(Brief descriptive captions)
++++++++

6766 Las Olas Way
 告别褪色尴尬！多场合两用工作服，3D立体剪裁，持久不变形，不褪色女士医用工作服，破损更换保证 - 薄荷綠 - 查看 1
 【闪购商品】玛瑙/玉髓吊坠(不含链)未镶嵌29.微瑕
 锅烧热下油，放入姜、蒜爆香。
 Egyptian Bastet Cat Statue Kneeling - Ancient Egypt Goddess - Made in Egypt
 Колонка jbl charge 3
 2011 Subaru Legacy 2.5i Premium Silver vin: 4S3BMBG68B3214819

++++++++

* _WHAT THE EXERCISE ASKS_: Each line above, from the one that contains "Колонка jbl charge 3" to the last line of the records, should be repeated exactly. Leave out all others.

* _RESPONSE BOX_:
 Колонка jbl charge 3
 2011 Subaru Legacy 2.5i Premium Silver vin: 4S3BMBG68B3214819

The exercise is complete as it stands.